A rank on a computation node is one execution thread. The default ranks is the number of threads allowed by the node. Setting ranks to 0 causes the system to use the maximum.
-
void set_start_rank(int rank)¶
Set the starting rank for this Search.
A Mist search can run in parallel on multiple nodes in a system. For each node, configure a Search with the starting rank, number of ranks (ie threads) on the node, and total ranks among all nodes. In this way you can divide the search space among nodes in the system.
The starting rank is the zero-indexed rank number, valid over range [0,total_ranks].
- Parameters
rank – Zero-indexed rank number
-
void set_total_ranks(int ranks)¶
Set the total number of ranks among all participating Searches.

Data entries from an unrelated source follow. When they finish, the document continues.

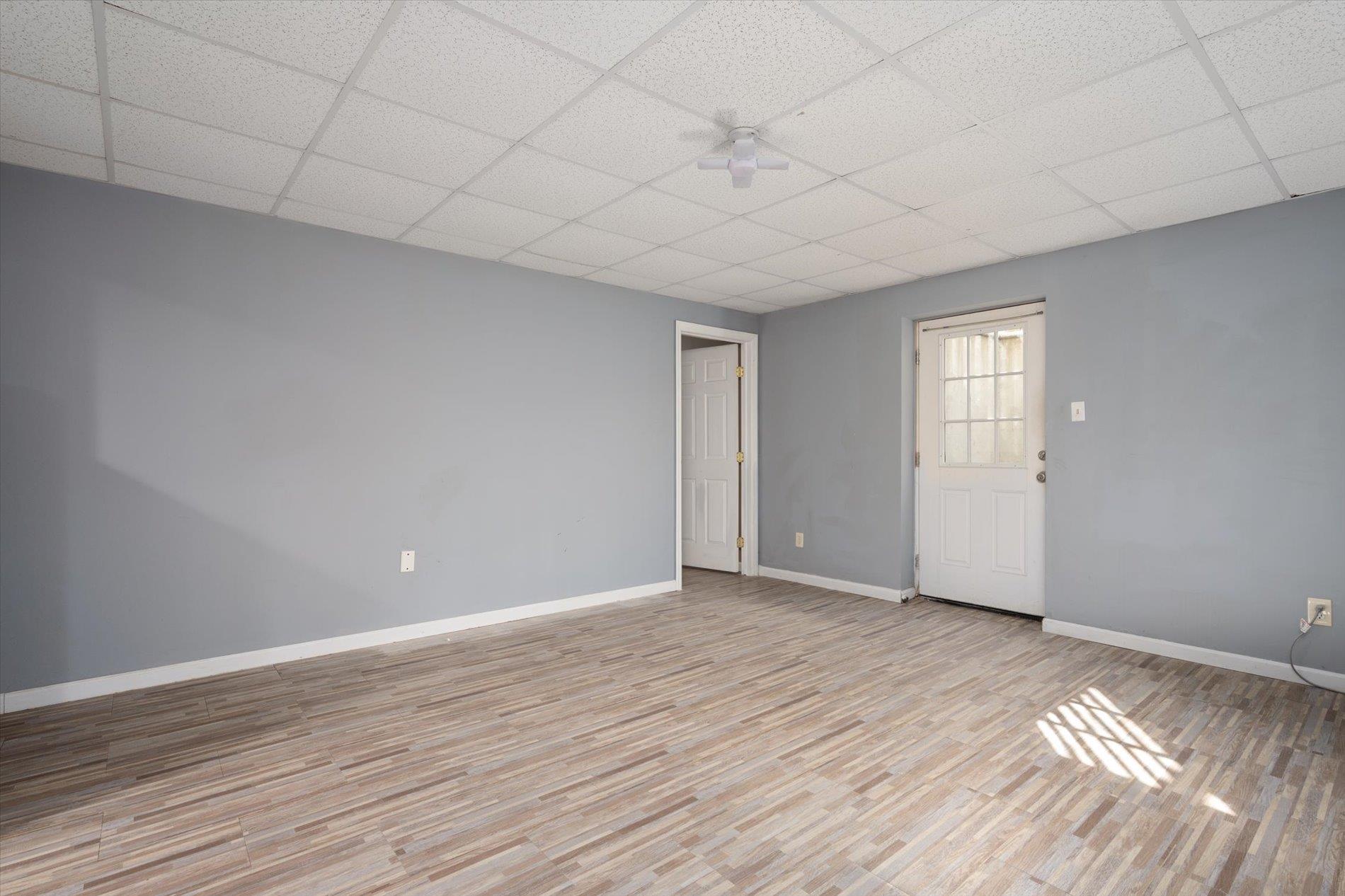 1040 Wellwood Avenue, West Babylon, New York image 24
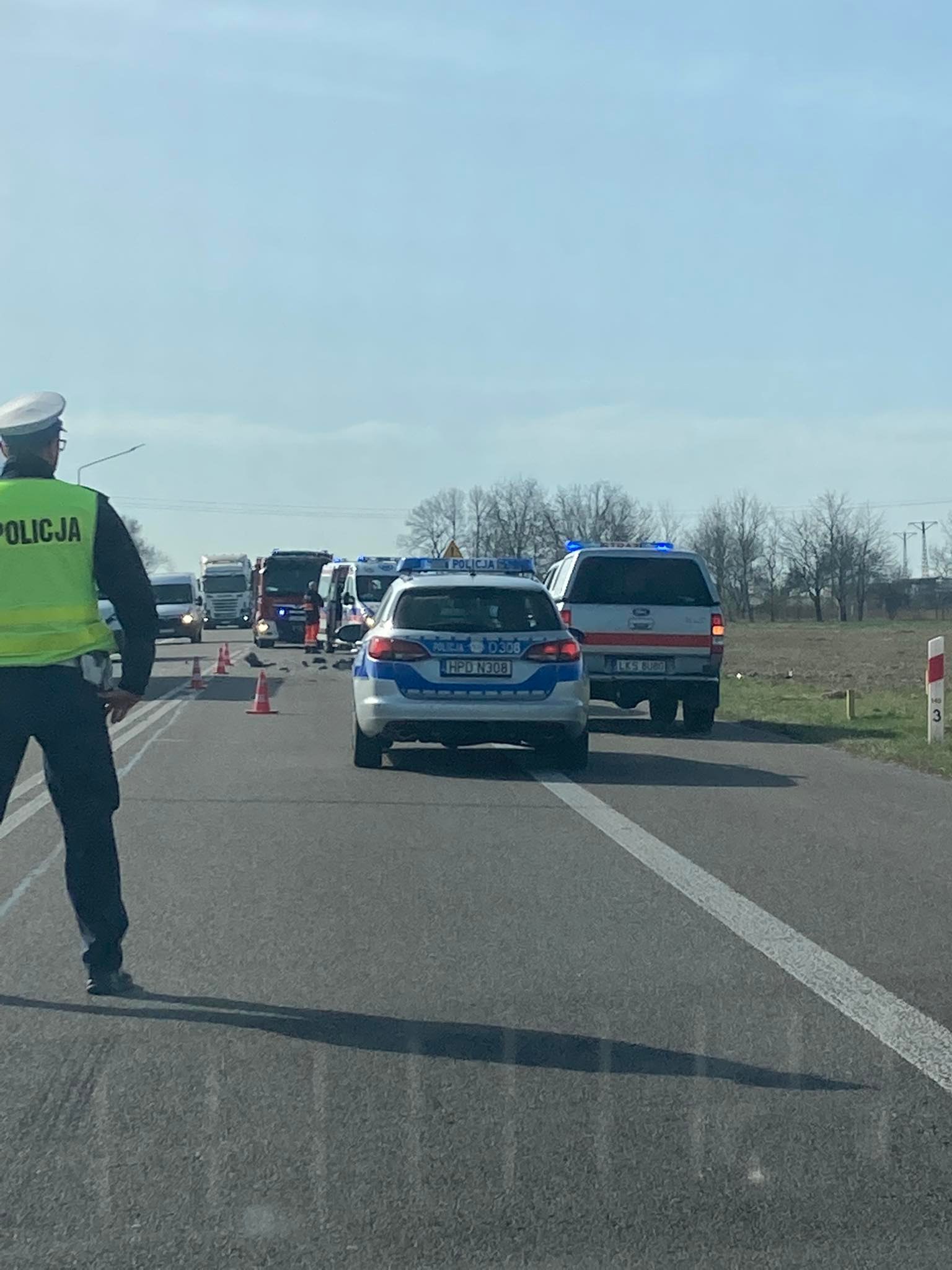 Zderzenie pojazdów na obwodnicy Krasnegostawu. Utrudnienia w ruchu w kierunku Zamościa (zdjęcia)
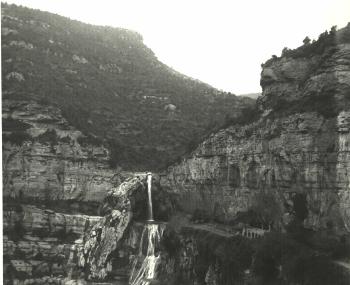Sant Miquel del Fai: salt d’aigua. Autor: Frederic Juandó Alegret. Fons: Diputació de Barcelona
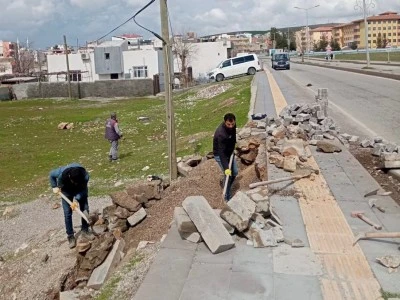 Kurtalan'da yol onarım &ccedil;alışmaları s&uuml;r&uuml;yor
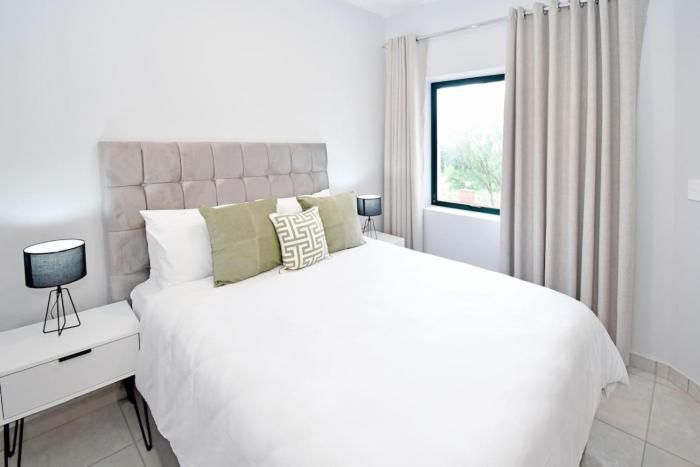 Stylish Slick 2239 Two Bedroom In Circa Illovo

Each thread on each node is counted as a rank. So the total_ranks is the sum of configured ranks (threads) on each node.
-
void set_tuple_size(int size)¶
Set the number of Variables to include in each IT measure computation.
-
void set_tuple_space(algorithm::TupleSpace const &ts)¶
Set the custom tuple space for the next computation
Side effects: sets the thread algorithm to TupleSpace so that the tuple space becomes effective immediately.
-
void set_tuple_limit(long limit)¶
Set the maximum number of tuples to process. The default it 0, meaning unlimited.
-
void set_output_intermediate(bool)¶
Include all subcalculations in the output
-
void set_cache_enabled(bool)¶
Enable caching intermediate entropy calculation
-
void set_cache_size_bytes(unsigned long)¶
Set maximum size of entropy cache in bytes
-
void load_file(std::string const &filename)¶
Load Data from CSV or tab-separated file.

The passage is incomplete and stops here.